GLADD’s mission: a hotline, classes, and a hope to normalize grief care
GLADD (Grieving Loss After Death and Dying) is Christa’s answer to a grief‑avoidant culture. Launching classes and a 24/7 bereavement hotline, GLADD also plans to fund small end‑of‑life miracles for families and to expand grief education.
Christa dreams of integrating bereavement care into Medicare and normalizing meaningful, ongoing grief support. For people searching “grief nonprofit,” “bereavement resources,” or “how to get help after a death,” GLADD aims to be a concrete, compassionate resource.
Living like you’re dying: the heart of grieving well
Christa’s definition of grieving well is both practical and spiritual: acknowledge your emotions, don’t push them away, and guide your pain into purpose. She urges a daily balance of body, mind, and soul — small practices that steady the nervous system and keep the heart open. Grieving well is a choice and a practice: reach out for help, lean on community, and let your pain shape a life of renewed kindness.
A mother’s closing invitation: reach out and be present
Christa’s voice feels like a friend who has sat with many people through their hardest nights. Her invitation is tender and clear: reach out to neighbors, bring casseroles and stay afterwards, attend to the small moments, and remember that being present matters far more than having the right words.

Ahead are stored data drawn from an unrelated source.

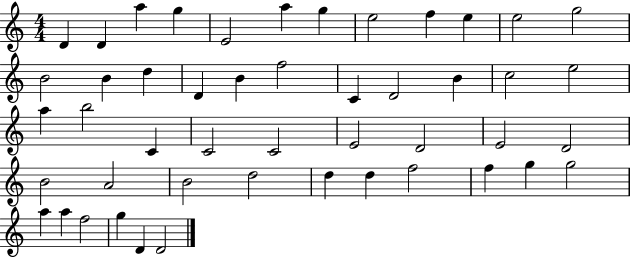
X:1
T:Untitled
M:4/4
L:1/4
K:C
D D a g E2 a g e2 f e e2 g2 B2 B d D B f2 C D2 B c2 e2 a b2 C C2 C2 E2 D2 E2 D2 B2 A2 B2 d2 d d f2 f g g2 a a f2 g D D2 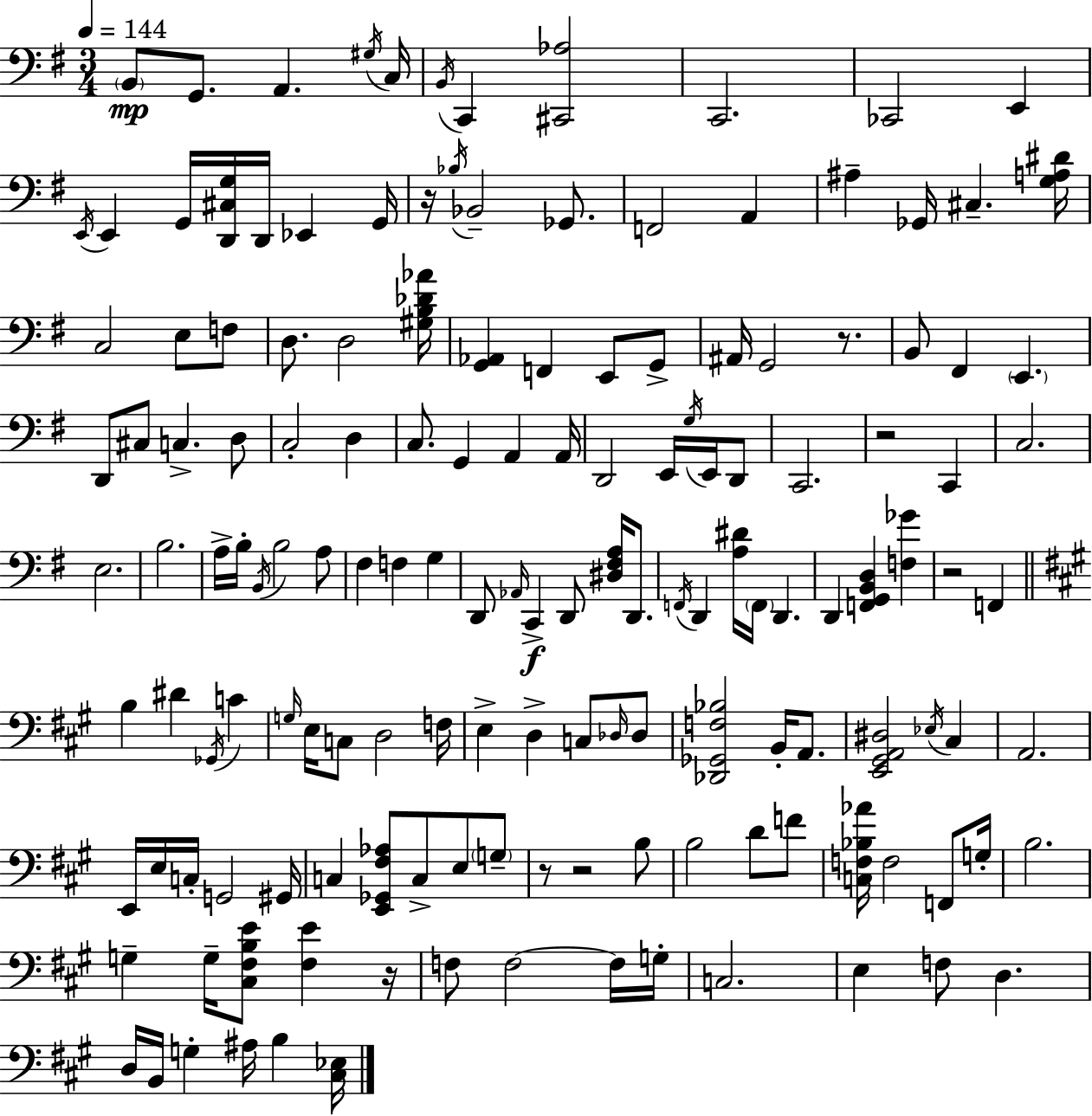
B2/e G2/e. A2/q. G#3/s C3/s B2/s C2/q [C#2,Ab3]/h C2/h. CES2/h E2/q E2/s E2/q G2/s [D2,C#3,G3]/s D2/s Eb2/q G2/s R/s Bb3/s Bb2/h Gb2/e. F2/h A2/q A#3/q Gb2/s C#3/q. [G3,A3,D#4]/s C3/h E3/e F3/e D3/e. D3/h [G#3,B3,Db4,Ab4]/s [G2,Ab2]/q F2/q E2/e G2/e A#2/s G2/h R/e. B2/e F#2/q E2/q. D2/e C#3/e C3/q. D3/e C3/h D3/q C3/e. G2/q A2/q A2/s D2/h E2/s G3/s E2/s D2/e C2/h. R/h C2/q C3/h. E3/h. B3/h. A3/s B3/s B2/s B3/h A3/e F#3/q F3/q G3/q D2/e Ab2/s C2/q D2/e [D#3,F#3,A3]/s D2/e. F2/s D2/q [A3,D#4]/s F2/s D2/q. D2/q [F2,G2,B2,D3]/q [F3,Gb4]/q R/h F2/q B3/q D#4/q Gb2/s C4/q G3/s E3/s C3/e D3/h F3/s E3/q D3/q C3/e Db3/s Db3/e [Db2,Gb2,F3,Bb3]/h B2/s A2/e. [E2,G#2,A2,D#3]/h Eb3/s C#3/q A2/h. E2/s E3/s C3/s G2/h G#2/s C3/q [E2,Gb2,F#3,Ab3]/e C3/e E3/e G3/e R/e R/h B3/e B3/h D4/e F4/e [C3,F3,Bb3,Ab4]/s F3/h F2/e G3/s B3/h. G3/q G3/s [C#3,F#3,B3,E4]/e [F#3,E4]/q R/s F3/e F3/h F3/s G3/s C3/h. E3/q F3/e D3/q. D3/s B2/s G3/q A#3/s B3/q [C#3,Eb3]/s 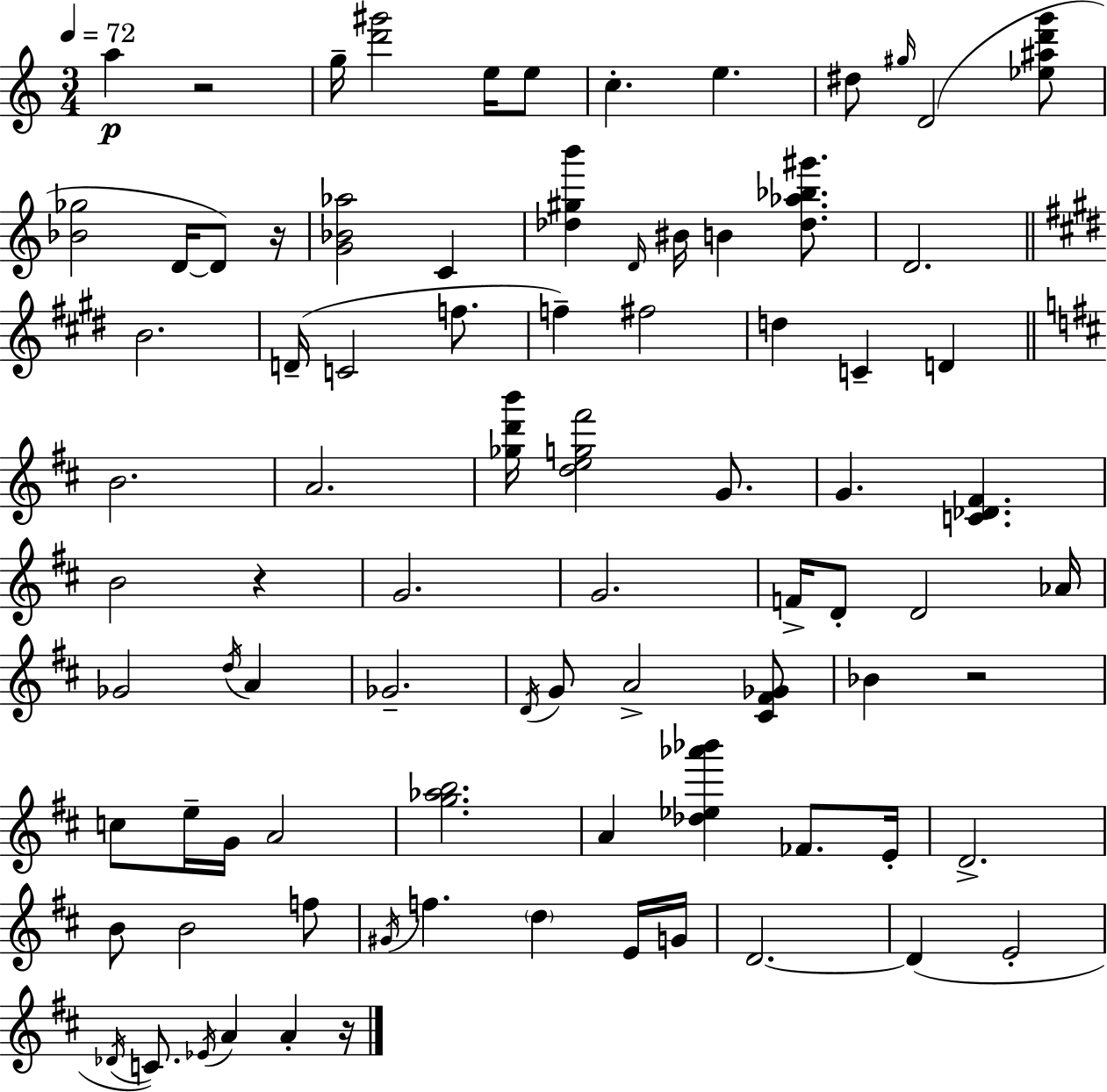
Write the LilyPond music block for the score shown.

{
  \clef treble
  \numericTimeSignature
  \time 3/4
  \key a \minor
  \tempo 4 = 72
  a''4\p r2 | g''16-- <d''' gis'''>2 e''16 e''8 | c''4.-. e''4. | dis''8 \grace { gis''16 }( d'2 <ees'' ais'' d''' g'''>8 | \break <bes' ges''>2 d'16~~ d'8) | r16 <g' bes' aes''>2 c'4 | <des'' gis'' b'''>4 \grace { d'16 } bis'16 b'4 <des'' aes'' bes'' gis'''>8. | d'2. | \break \bar "||" \break \key e \major b'2. | d'16--( c'2 f''8. | f''4--) fis''2 | d''4 c'4-- d'4 | \break \bar "||" \break \key b \minor b'2. | a'2. | <ges'' d''' b'''>16 <d'' e'' g'' fis'''>2 g'8. | g'4. <c' des' fis'>4. | \break b'2 r4 | g'2. | g'2. | f'16-> d'8-. d'2 aes'16 | \break ges'2 \acciaccatura { d''16 } a'4 | ges'2.-- | \acciaccatura { d'16 } g'8 a'2-> | <cis' fis' ges'>8 bes'4 r2 | \break c''8 e''16-- g'16 a'2 | <g'' aes'' b''>2. | a'4 <des'' ees'' aes''' bes'''>4 fes'8. | e'16-. d'2.-> | \break b'8 b'2 | f''8 \acciaccatura { gis'16 } f''4. \parenthesize d''4 | e'16 g'16 d'2.~~ | d'4( e'2-. | \break \acciaccatura { des'16 }) c'8. \acciaccatura { ees'16 } a'4 | a'4-. r16 \bar "|."
} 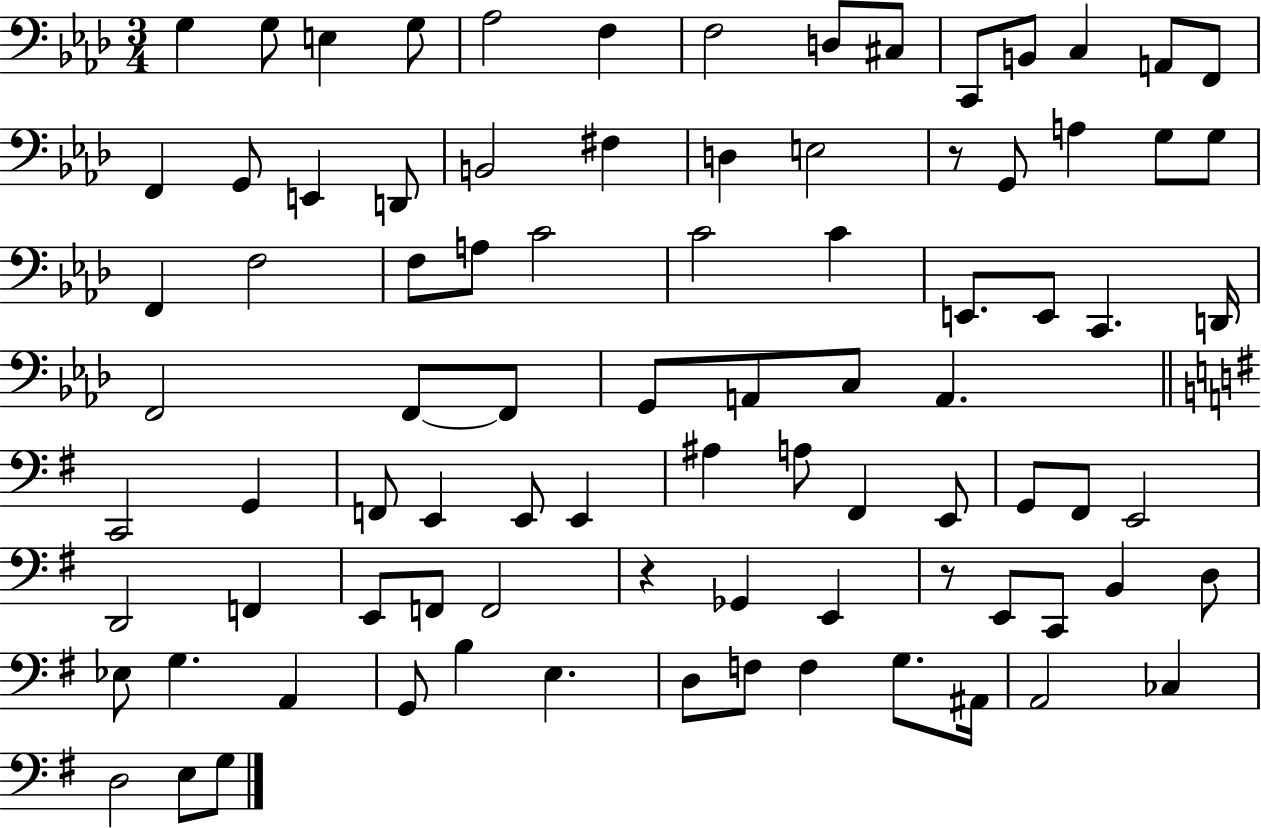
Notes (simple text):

G3/q G3/e E3/q G3/e Ab3/h F3/q F3/h D3/e C#3/e C2/e B2/e C3/q A2/e F2/e F2/q G2/e E2/q D2/e B2/h F#3/q D3/q E3/h R/e G2/e A3/q G3/e G3/e F2/q F3/h F3/e A3/e C4/h C4/h C4/q E2/e. E2/e C2/q. D2/s F2/h F2/e F2/e G2/e A2/e C3/e A2/q. C2/h G2/q F2/e E2/q E2/e E2/q A#3/q A3/e F#2/q E2/e G2/e F#2/e E2/h D2/h F2/q E2/e F2/e F2/h R/q Gb2/q E2/q R/e E2/e C2/e B2/q D3/e Eb3/e G3/q. A2/q G2/e B3/q E3/q. D3/e F3/e F3/q G3/e. A#2/s A2/h CES3/q D3/h E3/e G3/e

When grief hits unexpectedly — in a Costco aisle or at the sink — having a hotline, a friend, or a community to call makes all the difference.
If you are searching for hospice care tips, bereavement support, or faith‑centered grief resources, Christa McDonald’s life and GLADD offer a hopeful blueprint: show up, name your feelings, create meaningful rituals, and accept help. Grief may be a heavy companion, but it need not be a lonely one. With presence, prayer, and practical care, peace can be found — and a life of love and purpose can continue to grow.